# What the exercise asks:
Only the lines from the one holding "Lot 48 - A Diamond" through the end of the material are to be repeated, exactly and without pictures.

# Raw data:
^^^^^^^^

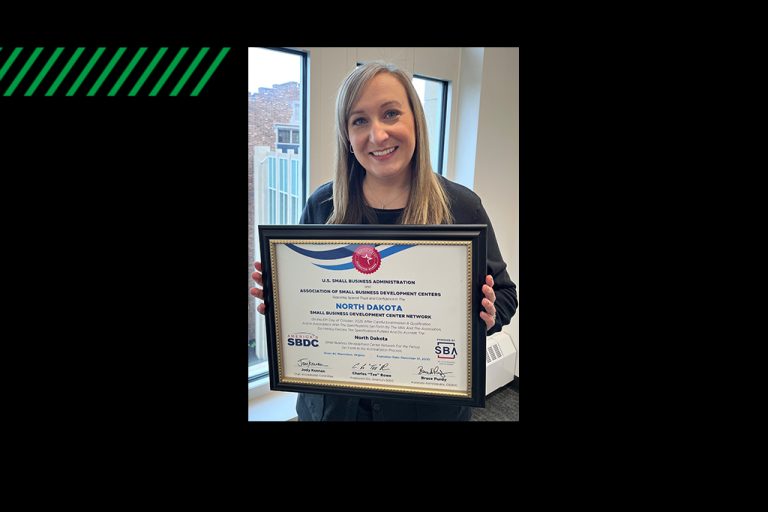 Tiffany Ford holding certificate of accreditation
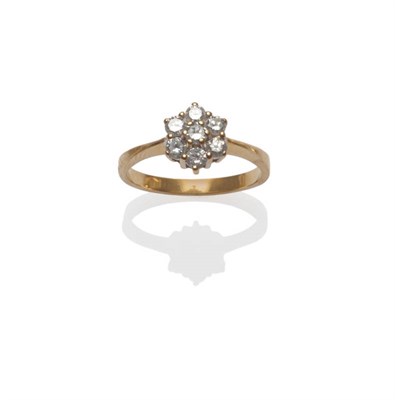 Lot 48 - A Diamond Cluster Ring, seven round brilliant cut diamonds in a yellow claw settings to a...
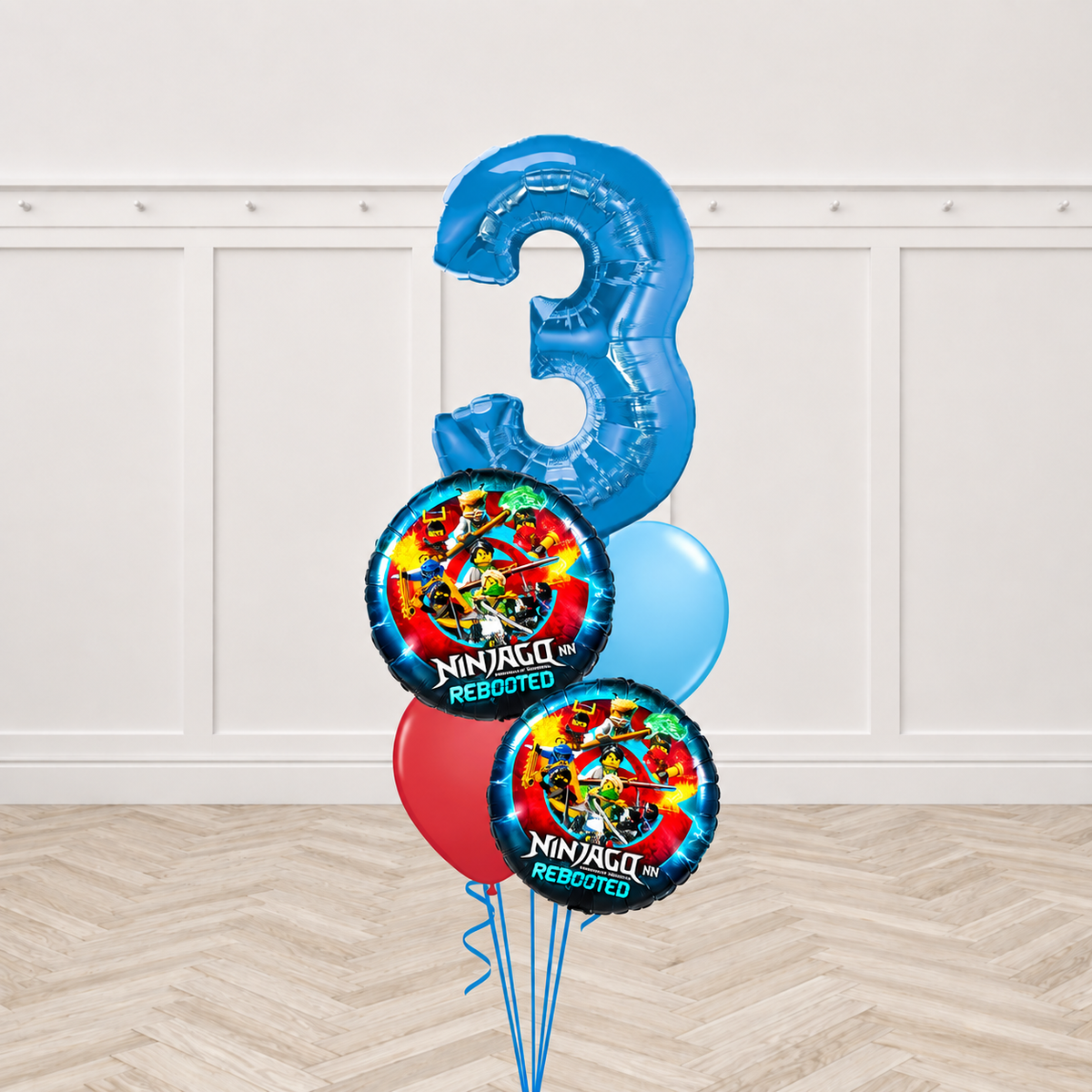 Blue number 3 foil balloon with two round Ninjago Rebooted print balloons, one red round balloon and one light blue round balloon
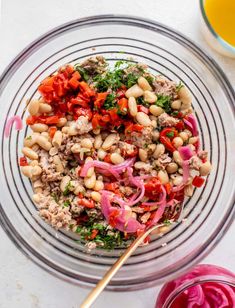 a glass bowl filled with beans, meat and veggies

^^^^^^^^

# Result below:
 Lot 48 - A Diamond Cluster Ring, seven round brilliant cut diamonds in a yellow claw settings to a...
 Blue number 3 foil balloon with two round Ninjago Rebooted print balloons, one red round balloon and one light blue round balloon
 a glass bowl filled with beans, meat and veggies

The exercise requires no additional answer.